In reality, this recognition is part of a broader dynamic that began long before last October. European, African, and Latin American support for the autonomy plan has steadily accumulated in recent years, but Resolution 2797 marked the true turning point by consecrating autonomy under Moroccan sovereignty as the sole basis for negotiation. Since then, the momentum has moved in only one direction: the United Kingdom, Austria, Switzerland, Ecuador, and now Canada, not to mention Honduras’s withdrawal of recognition for the so-called “SADR.” Each time, the calendar seems to produce another diplomatic adjustment, as though chancelleries that once hesitated now understand they have more to lose from ambiguity than from clarity.

And while this patient diplomacy advances step by step, the security dimension follows the same trajectory, with the same method. On April 27, Agadir hosted the official launch of African Lion 2026, the largest military exercise conducted on the African continent. More than 5,000 soldiers from around forty countries were deployed across Benguerir, Tan-Tan, Taroudant, Dakhla, and Tifnit, while the maneuvers expanded to include Ghana, Senegal, and Tunisia. The 2026 edition stands out for its technological leap forward, integrating rapidly evolving domains such as electromagnetic warfare, cyberspace, outer space, and unmanned aerial systems.

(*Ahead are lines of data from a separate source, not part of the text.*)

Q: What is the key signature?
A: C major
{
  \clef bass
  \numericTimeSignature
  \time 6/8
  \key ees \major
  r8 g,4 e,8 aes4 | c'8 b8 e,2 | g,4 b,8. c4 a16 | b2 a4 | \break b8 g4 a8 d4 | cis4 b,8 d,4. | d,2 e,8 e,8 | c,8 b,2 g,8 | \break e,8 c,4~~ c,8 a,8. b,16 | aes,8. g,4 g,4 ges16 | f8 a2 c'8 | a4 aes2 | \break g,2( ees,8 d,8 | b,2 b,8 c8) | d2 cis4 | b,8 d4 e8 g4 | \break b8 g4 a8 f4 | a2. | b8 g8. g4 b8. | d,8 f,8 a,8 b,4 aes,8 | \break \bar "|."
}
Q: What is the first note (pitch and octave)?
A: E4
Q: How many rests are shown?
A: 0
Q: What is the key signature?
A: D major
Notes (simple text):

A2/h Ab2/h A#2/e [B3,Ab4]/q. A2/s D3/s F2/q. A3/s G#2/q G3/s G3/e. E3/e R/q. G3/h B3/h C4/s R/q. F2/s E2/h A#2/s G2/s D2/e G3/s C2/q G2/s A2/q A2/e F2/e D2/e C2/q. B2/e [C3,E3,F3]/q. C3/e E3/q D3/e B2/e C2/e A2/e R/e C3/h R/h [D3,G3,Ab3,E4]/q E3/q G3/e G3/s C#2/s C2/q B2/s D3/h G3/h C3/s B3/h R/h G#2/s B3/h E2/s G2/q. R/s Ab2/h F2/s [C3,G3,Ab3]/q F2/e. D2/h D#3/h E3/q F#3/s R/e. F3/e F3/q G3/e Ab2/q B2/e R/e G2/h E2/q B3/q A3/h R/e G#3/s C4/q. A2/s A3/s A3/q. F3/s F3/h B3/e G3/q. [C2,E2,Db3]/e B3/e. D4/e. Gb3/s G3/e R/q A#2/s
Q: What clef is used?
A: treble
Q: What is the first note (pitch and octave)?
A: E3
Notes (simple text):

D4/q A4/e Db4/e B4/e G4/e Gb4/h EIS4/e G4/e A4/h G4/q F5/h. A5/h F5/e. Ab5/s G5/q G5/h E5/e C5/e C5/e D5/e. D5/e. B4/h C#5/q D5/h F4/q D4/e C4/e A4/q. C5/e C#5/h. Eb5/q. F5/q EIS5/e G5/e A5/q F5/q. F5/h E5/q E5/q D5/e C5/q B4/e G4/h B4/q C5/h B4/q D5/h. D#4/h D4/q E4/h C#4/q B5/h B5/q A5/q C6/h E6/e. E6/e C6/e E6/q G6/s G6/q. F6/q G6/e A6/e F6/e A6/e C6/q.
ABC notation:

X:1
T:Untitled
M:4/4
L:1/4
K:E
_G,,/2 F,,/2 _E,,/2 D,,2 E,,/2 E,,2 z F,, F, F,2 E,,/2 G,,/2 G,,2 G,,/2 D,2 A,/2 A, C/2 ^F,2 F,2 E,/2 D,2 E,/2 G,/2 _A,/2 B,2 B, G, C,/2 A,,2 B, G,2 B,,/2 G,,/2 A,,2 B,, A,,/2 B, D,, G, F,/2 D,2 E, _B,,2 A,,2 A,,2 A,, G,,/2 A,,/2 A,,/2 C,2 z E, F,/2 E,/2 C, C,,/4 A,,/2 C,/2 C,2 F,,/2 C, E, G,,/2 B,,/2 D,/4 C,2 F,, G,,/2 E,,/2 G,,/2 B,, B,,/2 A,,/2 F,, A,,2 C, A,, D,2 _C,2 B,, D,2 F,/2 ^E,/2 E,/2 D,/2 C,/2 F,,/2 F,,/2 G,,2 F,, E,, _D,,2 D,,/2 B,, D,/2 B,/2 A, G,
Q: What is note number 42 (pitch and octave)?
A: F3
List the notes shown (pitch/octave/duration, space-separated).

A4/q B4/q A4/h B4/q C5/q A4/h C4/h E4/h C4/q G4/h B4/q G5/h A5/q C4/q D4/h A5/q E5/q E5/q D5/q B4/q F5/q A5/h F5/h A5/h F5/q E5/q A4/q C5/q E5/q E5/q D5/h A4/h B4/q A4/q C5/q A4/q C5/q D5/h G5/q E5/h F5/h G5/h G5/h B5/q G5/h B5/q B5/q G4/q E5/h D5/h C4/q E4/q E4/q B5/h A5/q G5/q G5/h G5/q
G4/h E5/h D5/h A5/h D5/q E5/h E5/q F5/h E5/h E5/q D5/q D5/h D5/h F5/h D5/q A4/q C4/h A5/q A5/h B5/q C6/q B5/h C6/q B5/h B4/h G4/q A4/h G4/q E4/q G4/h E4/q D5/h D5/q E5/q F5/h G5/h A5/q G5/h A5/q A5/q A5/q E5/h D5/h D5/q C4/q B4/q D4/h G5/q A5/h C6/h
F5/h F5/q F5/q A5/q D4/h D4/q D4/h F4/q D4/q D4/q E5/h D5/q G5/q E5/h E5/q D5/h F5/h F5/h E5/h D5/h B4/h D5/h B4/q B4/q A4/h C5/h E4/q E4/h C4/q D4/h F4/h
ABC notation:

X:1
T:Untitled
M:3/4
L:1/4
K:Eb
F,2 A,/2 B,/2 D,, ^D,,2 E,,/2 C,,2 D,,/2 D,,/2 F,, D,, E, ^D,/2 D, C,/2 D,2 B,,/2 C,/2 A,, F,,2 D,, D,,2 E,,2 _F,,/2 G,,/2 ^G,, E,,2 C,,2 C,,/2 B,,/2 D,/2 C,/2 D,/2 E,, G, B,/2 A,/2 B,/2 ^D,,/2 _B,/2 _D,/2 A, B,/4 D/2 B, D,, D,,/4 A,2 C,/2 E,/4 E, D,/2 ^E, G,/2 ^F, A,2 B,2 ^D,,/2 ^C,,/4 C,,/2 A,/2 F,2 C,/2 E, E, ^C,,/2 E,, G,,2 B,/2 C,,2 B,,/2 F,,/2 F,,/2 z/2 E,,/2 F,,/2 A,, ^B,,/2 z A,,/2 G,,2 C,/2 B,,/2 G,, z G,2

But the detail that deserves particular attention lies elsewhere. For the first time on the African continent, the Royal Moroccan Armed Forces were integrated into the secure tactical communication system Link-16, previously reserved for NATO members. This is not a technical footnote for specialists. It is the military translation of what Resolution 2797 represented diplomatically: Morocco is now perceived and treated as a first-rank strategic partner, on par with the closest allies of the Western bloc. When the Pentagon shares a communications channel, it is never insignificant, and it says more than any long speech about the depth of the alliance.

All of this can only irritate neighboring Algeria, which hardly views Morocco’s diplomatic advances favorably, as every Moroccan step forward represents a step backward for Algiers. Yet one must resist any triumphalist reading, because Algeria is itself experiencing a paradoxical geopolitical moment. The war in Iran and the resulting instability in global energy markets have restored a strategic centrality to Algerian gas that it had temporarily lost, placing Algiers once again in the role of key supplier for a Europe seeking energy security. Added to this is a frequently underestimated geopolitical reality: Algeria has long been a historical partner of Tehran, and the absence of a decisive strategic defeat for the Islamic Republic, despite the blows it has suffered, reinforces an axis that will continue to shape future regional balances.

This is precisely why Morocco must avoid the temptation of bravado. The doctrine adopted by Rabat — strategic restraint on the ground combined with patient firmness diplomatically — is exactly what has produced tangible results sequence after sequence. Canadian recognition, integration into Link-16, and the continuous expansion of international support have not materialized by chance. They are the product of a long-term vision, assumed at the highest level of the state and executed with rare discipline in an era that often values noise more than results.

Ultimately, what this sequence of events in April 2026 reveals is that a country can continue to build, consolidate alliances, and expand its sphere of influence even while the world around it burns between Tehran, Tel Aviv, and Washington. Morocco is moving forward — calmly but steadily — with the understanding that consistency over time always prevails over grandstanding.